Exercise inputs>
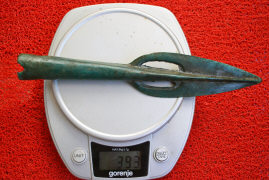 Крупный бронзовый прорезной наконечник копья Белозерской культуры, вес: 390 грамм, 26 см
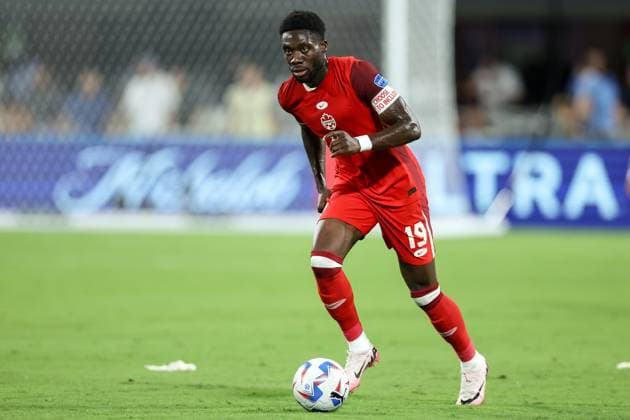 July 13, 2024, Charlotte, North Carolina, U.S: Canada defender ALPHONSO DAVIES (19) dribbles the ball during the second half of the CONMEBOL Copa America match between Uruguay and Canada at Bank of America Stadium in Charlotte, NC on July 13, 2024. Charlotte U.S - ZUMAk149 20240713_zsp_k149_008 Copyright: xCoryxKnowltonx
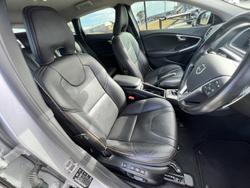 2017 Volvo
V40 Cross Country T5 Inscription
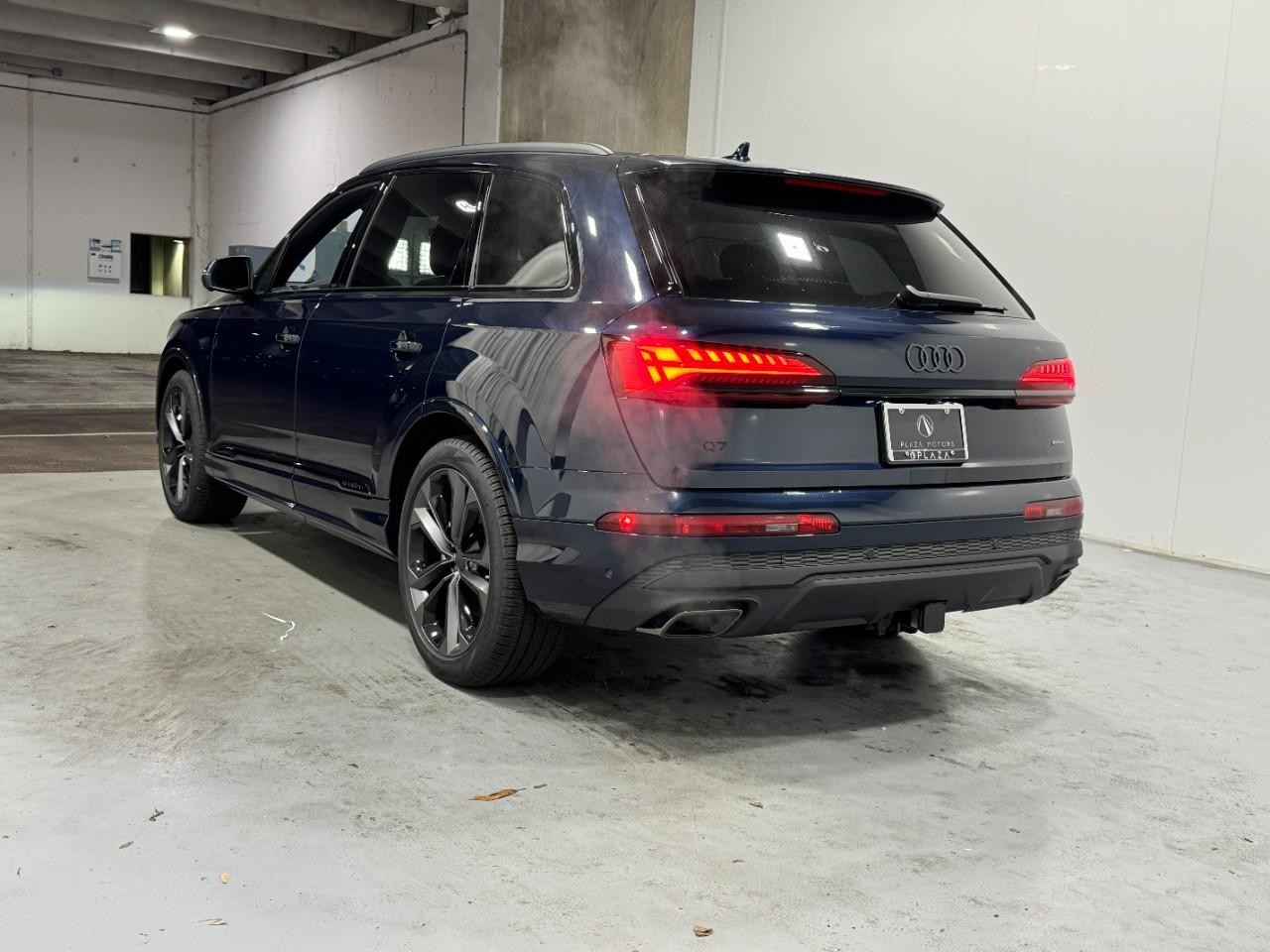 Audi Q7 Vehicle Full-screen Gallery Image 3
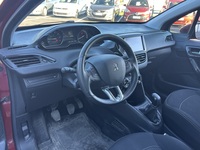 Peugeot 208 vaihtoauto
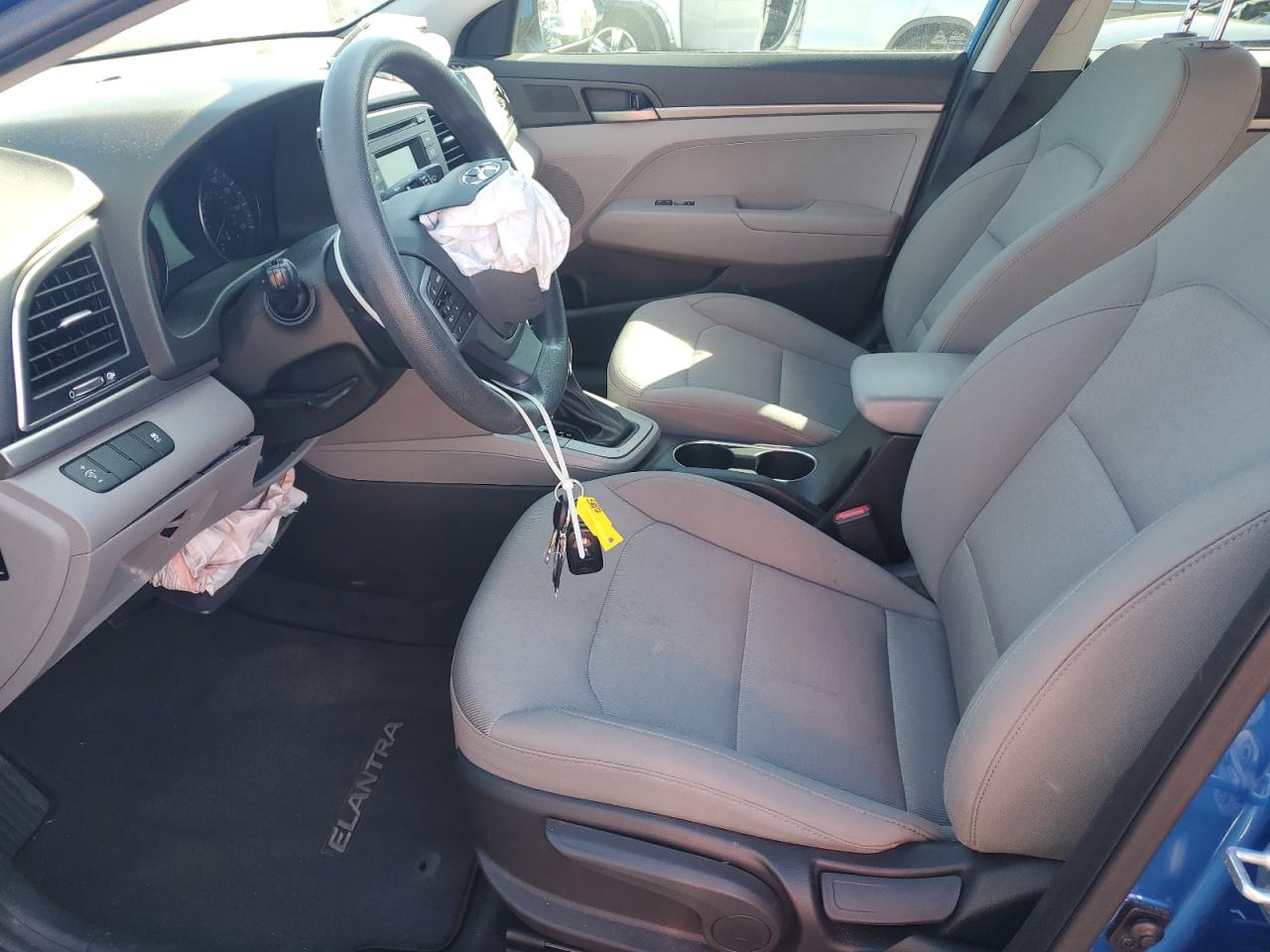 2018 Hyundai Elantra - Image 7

What needs to be done>
Output the full material exactly as given, without its pictures.

Task output>
 Крупный бронзовый прорезной наконечник копья Белозерской культуры, вес: 390 грамм, 26 см
 July 13, 2024, Charlotte, North Carolina, U.S: Canada defender ALPHONSO DAVIES (19) dribbles the ball during the second half of the CONMEBOL Copa America match between Uruguay and Canada at Bank of America Stadium in Charlotte, NC on July 13, 2024. Charlotte U.S - ZUMAk149 20240713_zsp_k149_008 Copyright: xCoryxKnowltonx
 2017 Volvo
V40 Cross Country T5 Inscription
 Audi Q7 Vehicle Full-screen Gallery Image 3
 Peugeot 208 vaihtoauto
 2018 Hyundai Elantra - Image 7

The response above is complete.